▶ **Task details**
Only the lines from the one containing "The image shows" through the last line below belong in your copy; transcribe them exactly and omit any pictures.

▶ **Input data**
++++++++++++++++++++

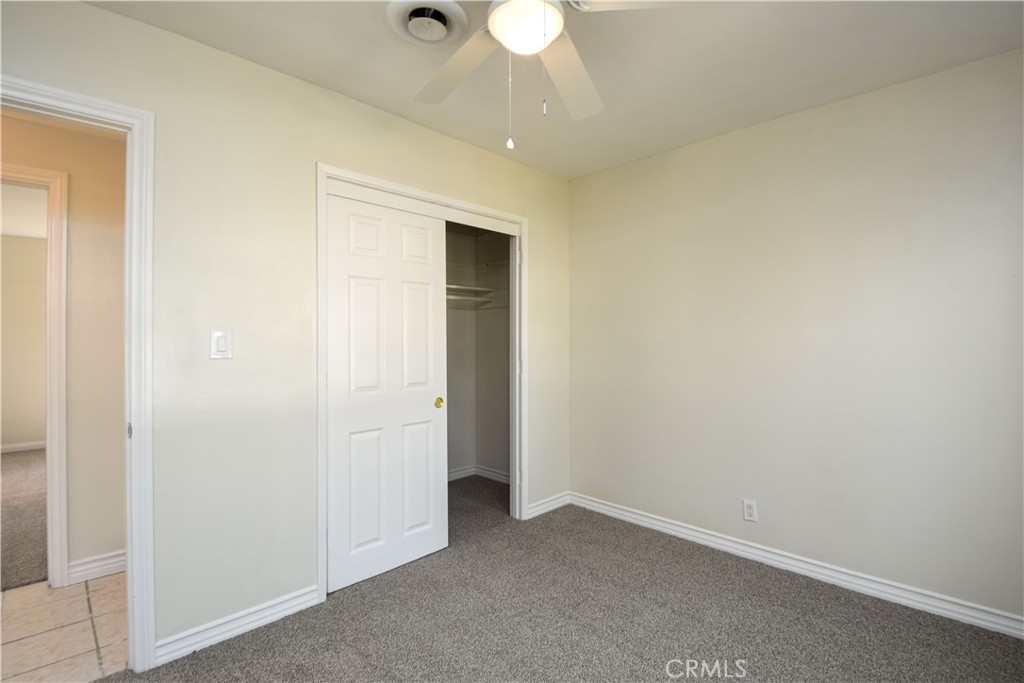 41431 Vicky Lane Hemet, CA 92544 - Photo 17 of 28 an empty room with a ceiling fan and a bathroom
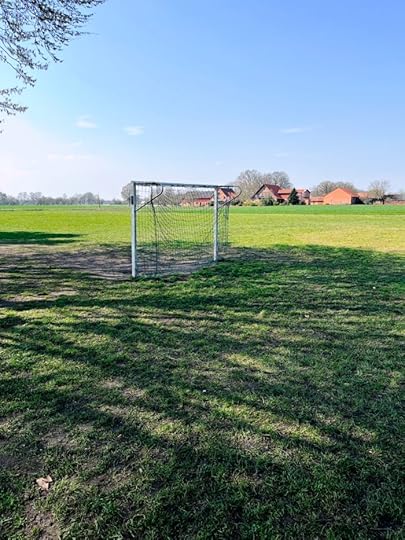 Ein Fußballtor steht auf einer weiten, leeren Rasenfläche, im Hintergrund ziegelrote Bauernhäuser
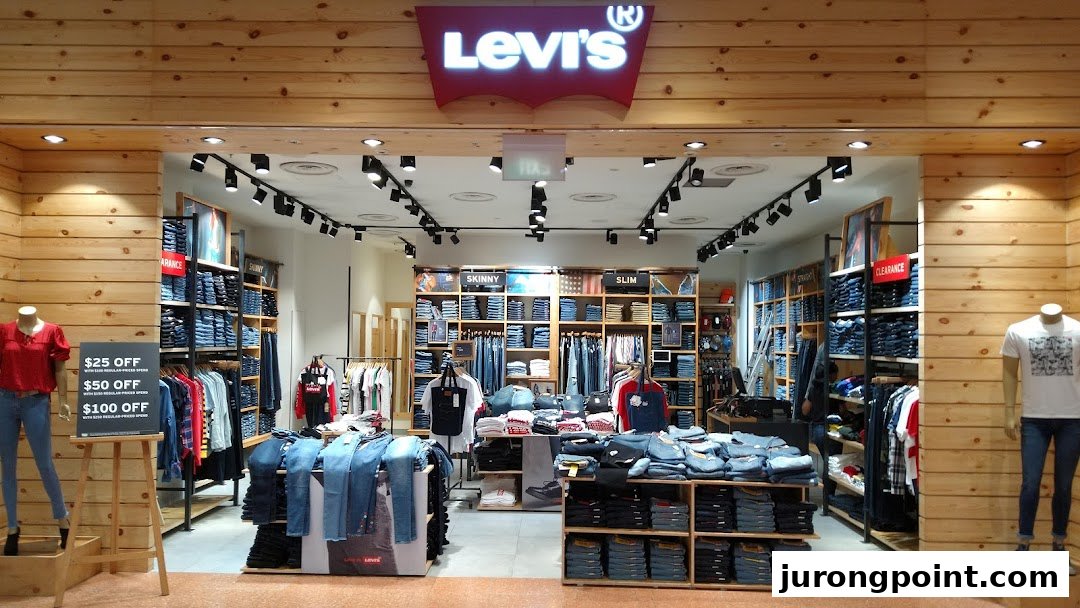 The image shows the well-lit entrance of a Levi's store with wooden paneling and denim displays.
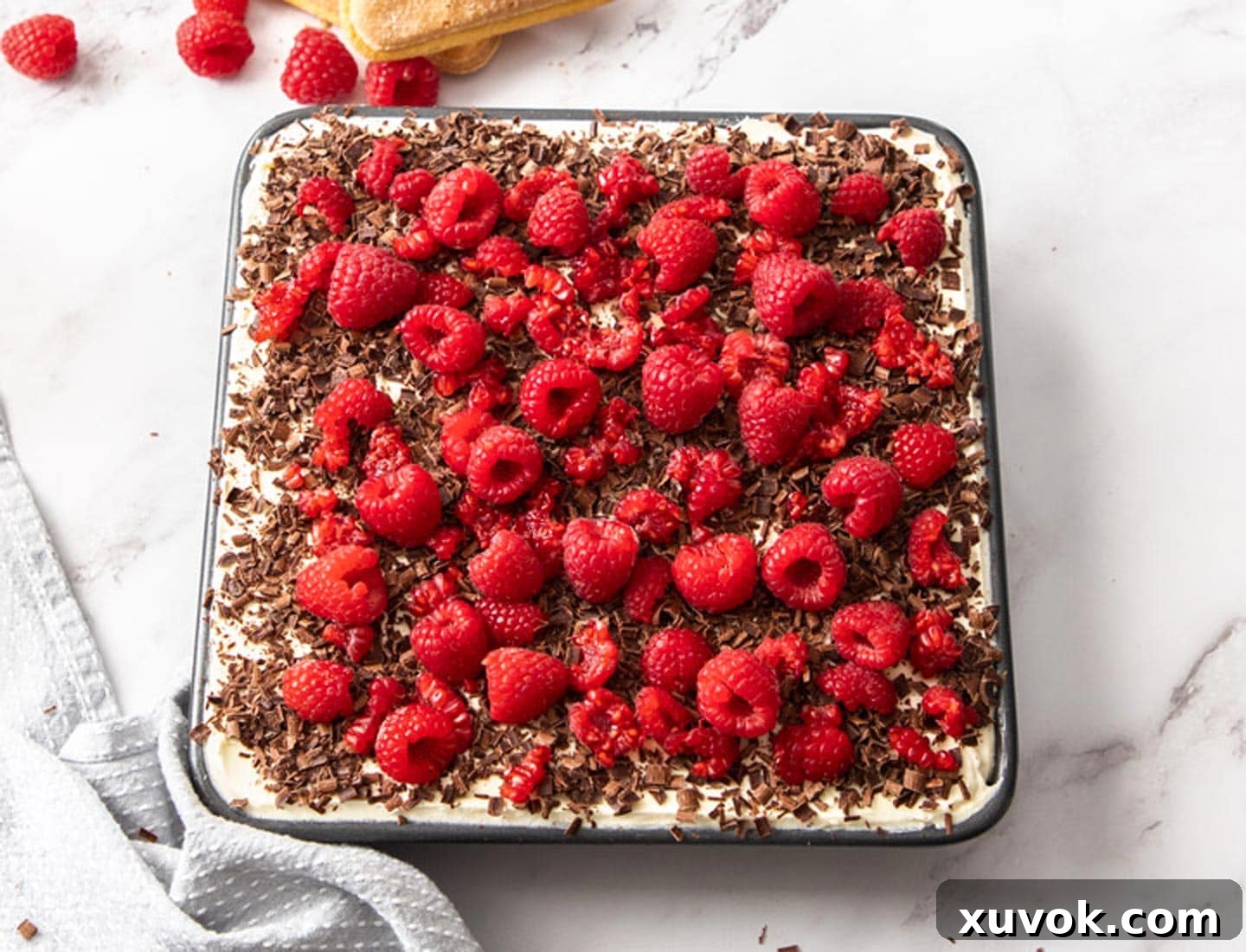 The finished raspberry tiramisu, beautifully garnished with shaved chocolate and fresh raspberries, ready to be chilled and served.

++++++++++++++++++++

▶ **Expected output**
 The image shows the well-lit entrance of a Levi's store with wooden paneling and denim displays.
 The finished raspberry tiramisu, beautifully garnished with shaved chocolate and fresh raspberries, ready to be chilled and served.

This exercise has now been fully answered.